*INSTRUCTIONS FOR THE TASK*:
Beneath this task are records; print exactly the stretch of them from the line with "الابن الضعيف هو قديس السيف poster" through the line with "reusable steel pour over dripper", both ends included.

Segment Start: DATA PROVIDED

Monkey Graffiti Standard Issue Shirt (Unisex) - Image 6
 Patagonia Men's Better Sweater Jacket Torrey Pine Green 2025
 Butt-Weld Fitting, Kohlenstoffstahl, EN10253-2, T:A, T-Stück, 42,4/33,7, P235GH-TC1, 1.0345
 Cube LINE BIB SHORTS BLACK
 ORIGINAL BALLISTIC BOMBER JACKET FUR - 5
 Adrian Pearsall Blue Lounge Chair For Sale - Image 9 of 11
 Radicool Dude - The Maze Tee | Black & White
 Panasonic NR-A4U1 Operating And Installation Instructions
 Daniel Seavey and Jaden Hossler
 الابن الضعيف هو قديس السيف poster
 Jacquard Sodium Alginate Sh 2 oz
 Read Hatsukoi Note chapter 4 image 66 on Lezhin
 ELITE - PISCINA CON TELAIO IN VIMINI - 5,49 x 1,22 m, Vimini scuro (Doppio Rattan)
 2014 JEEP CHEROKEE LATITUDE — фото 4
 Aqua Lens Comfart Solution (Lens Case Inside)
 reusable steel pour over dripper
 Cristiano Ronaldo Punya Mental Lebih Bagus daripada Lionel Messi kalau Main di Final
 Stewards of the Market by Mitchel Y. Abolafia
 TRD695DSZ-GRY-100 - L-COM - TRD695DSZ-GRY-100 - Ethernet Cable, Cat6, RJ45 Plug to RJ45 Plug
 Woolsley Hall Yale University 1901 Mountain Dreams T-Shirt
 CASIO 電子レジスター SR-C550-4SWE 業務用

Segment End: DATA PROVIDED

*REPLY*:
 الابن الضعيف هو قديس السيف poster
 Jacquard Sodium Alginate Sh 2 oz
 Read Hatsukoi Note chapter 4 image 66 on Lezhin
 ELITE - PISCINA CON TELAIO IN VIMINI - 5,49 x 1,22 m, Vimini scuro (Doppio Rattan)
 2014 JEEP CHEROKEE LATITUDE — фото 4
 Aqua Lens Comfart Solution (Lens Case Inside)
 reusable steel pour over dripper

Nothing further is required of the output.